▸ DATA SHOWN:
[Start of Attachment]
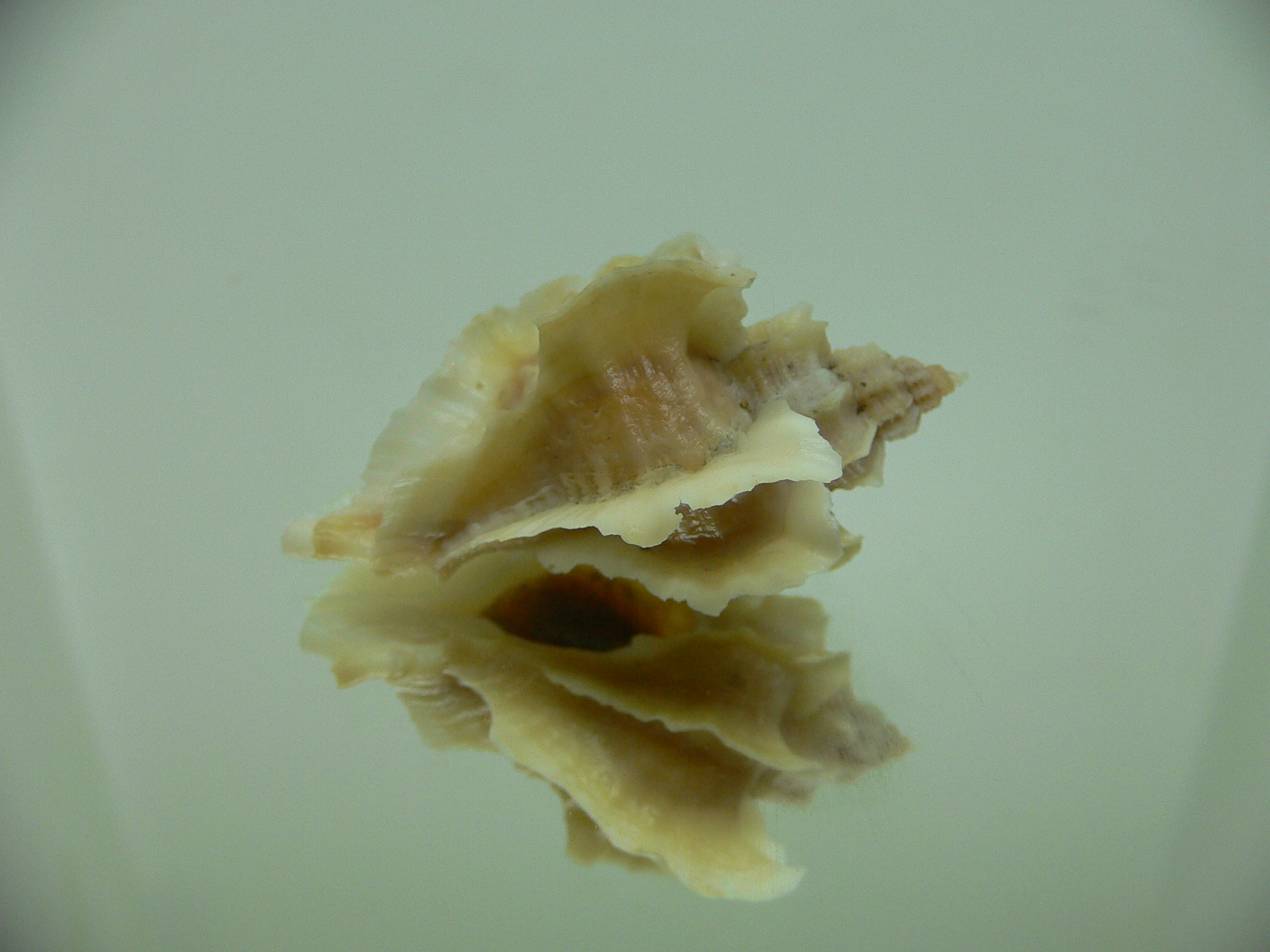 Ocenebra inornata GOLD FORM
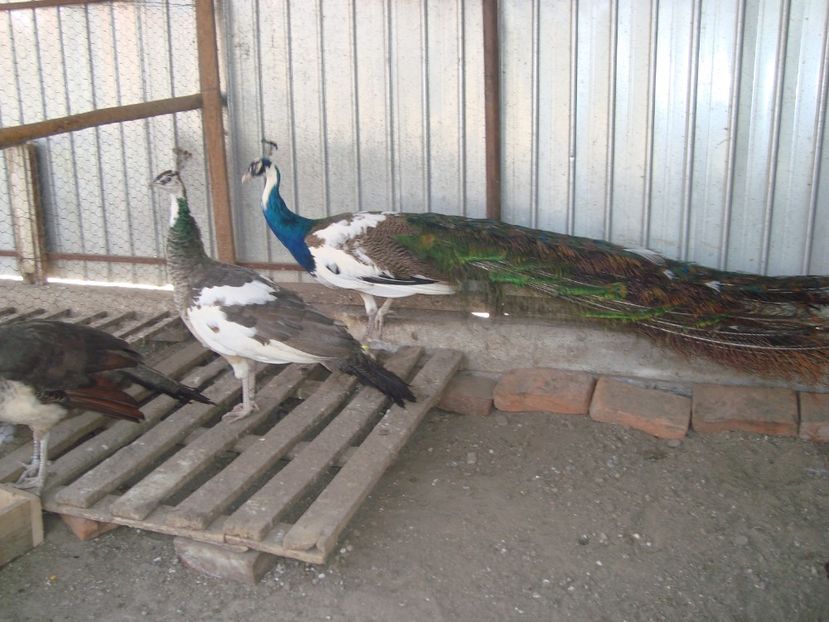  - 5-2 pauni arlechin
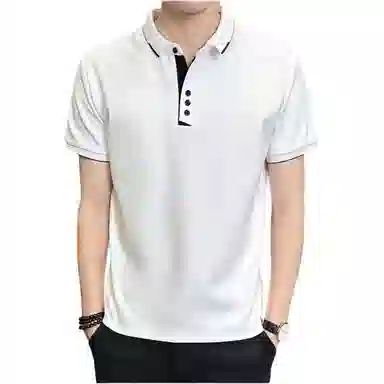 PIERRE CARDIN Polo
[End of Attachment]
▸ PROBLEM REQUIREMENTS:
Reproduce the material word for word, but without its images.

▸ TASK OUTPUT:
 Ocenebra inornata GOLD FORM
  - 5-2 pauni arlechin
 PIERRE CARDIN Polo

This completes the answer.